I wrote last week about my plan to give pies instead of factory-made presents for Christmas. I was not the only one cutting back on the excesses of Christmas this year. It seemed that people broadly were trying to make Christmas a more focused holiday this year.
- There were at least 40 percent fewer Christmas lights in my local area. The mild fall weather and higher electric rates must be a factor, but are not enough by themselves to explain such a large decline.
- Retail Christmas shopping traffic started late, only six days before Thanksgiving from what I could see, then fell off more than ever in the two or three weeks after Thansgiving weekend, picking up again just in the last five days before Christmas.
- During the Christmas shopping season, many stores had no Christmas decorations at all on display. Others had cut back to decorations less than half the size of last year.
- On Christmas Eve, the pope warned specifically about the commercialization of Christmas.
- After Christmas, there was heavy retail traffic on December 26, but not much in the days since.
- After Christmas, Sears and Kmart wasted no time in announcing a new round of store closings.
- Stores wasted no time moving out Christmas-specific merchandise.

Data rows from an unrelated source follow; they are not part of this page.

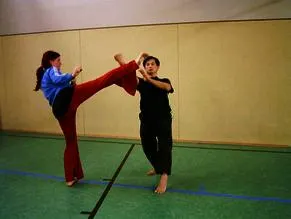Kung Fu Oldenburg — Meditation in Ehnernviertel, Oldenburg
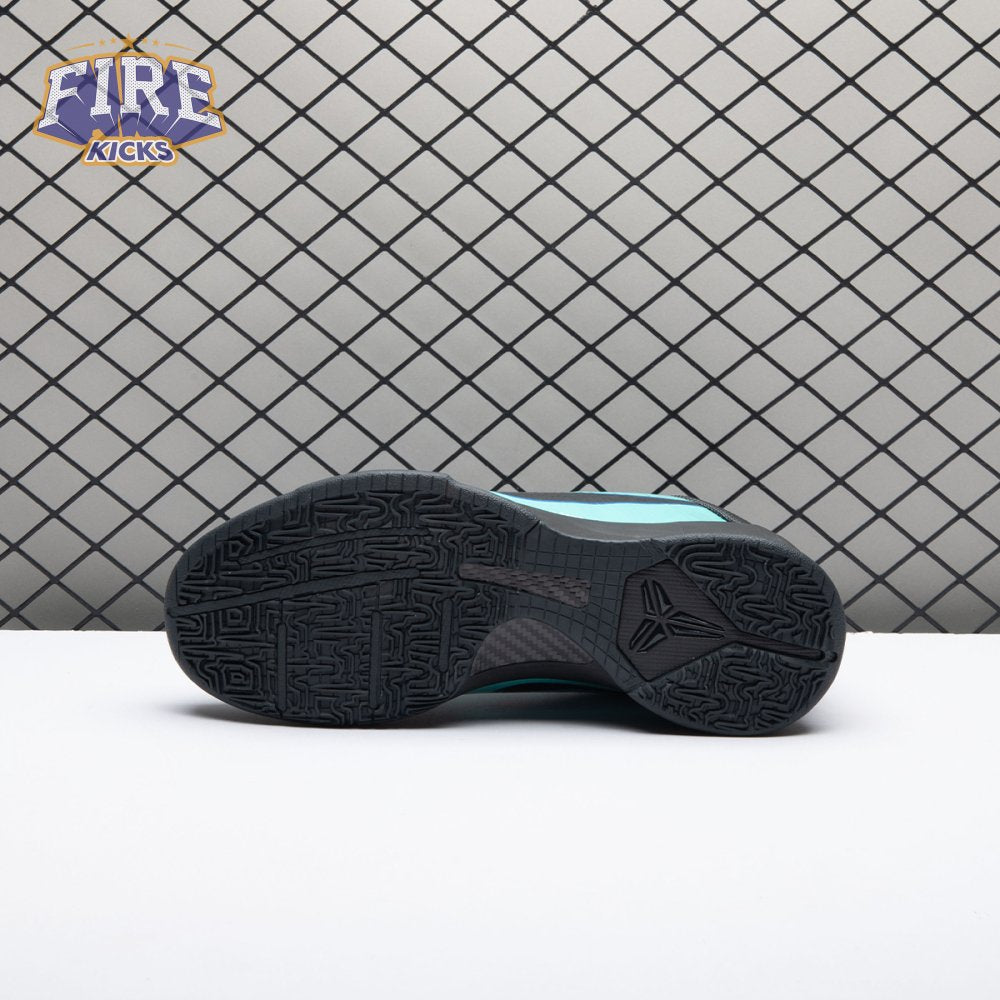 Nike Kobe 5 Protro EYBL Academy PE IH0274-300 Men's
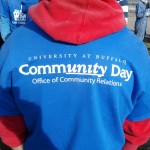 UB Community Day Fall 2013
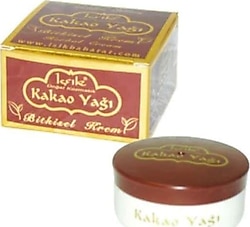 Akışık Kakao Yağlı 60 gr Bronzlaştırıcı Krem
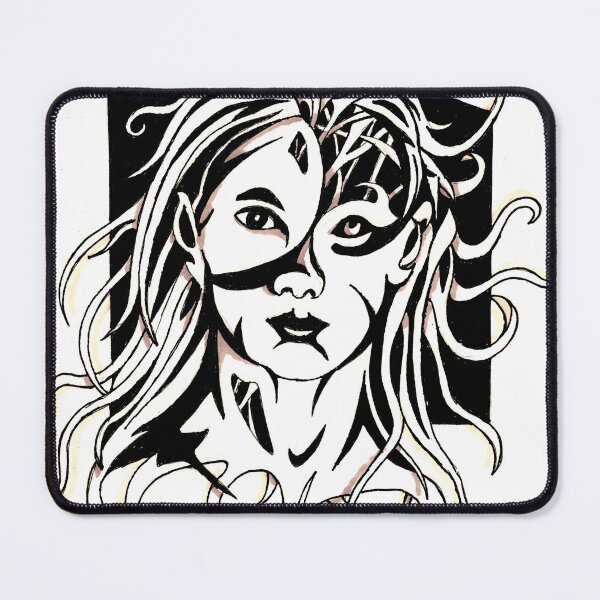 Item preview, split personality designed and sold by vogtvisions.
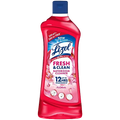 Lizol Floral Fresh & Clean Bathroom Cleaner Liquid, 700 ml (500 ml + 200 ml Free)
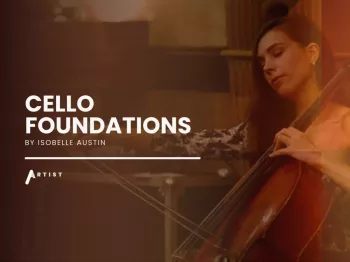 大提琴音源Inletaudio Cello Foundations KONTAKT【】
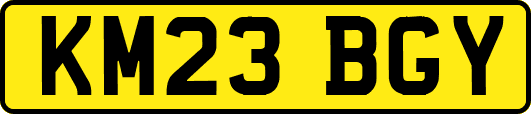 KM23BGY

I personally bought some Christmas items that had been marked down by about half on December 24 and again on December 27. In other stores that I visited in the days after Christmas, stores that in years past would have spent weeks clearing out excess Christmas items, there was no sign of any Christmas items remaining.
- In a survey, about two thirds of U.S. workers were not taking any days off this week other than the holidays scheduled by their employers. I did not take any days off myself.
I saw no sign on Christmas Eve and Christmas that people were taking the holiday itself any less seriously. But people seemed determined not to let Christmas spill over across the entire month of December. The result was a more focused and arguably a more meaningful holiday.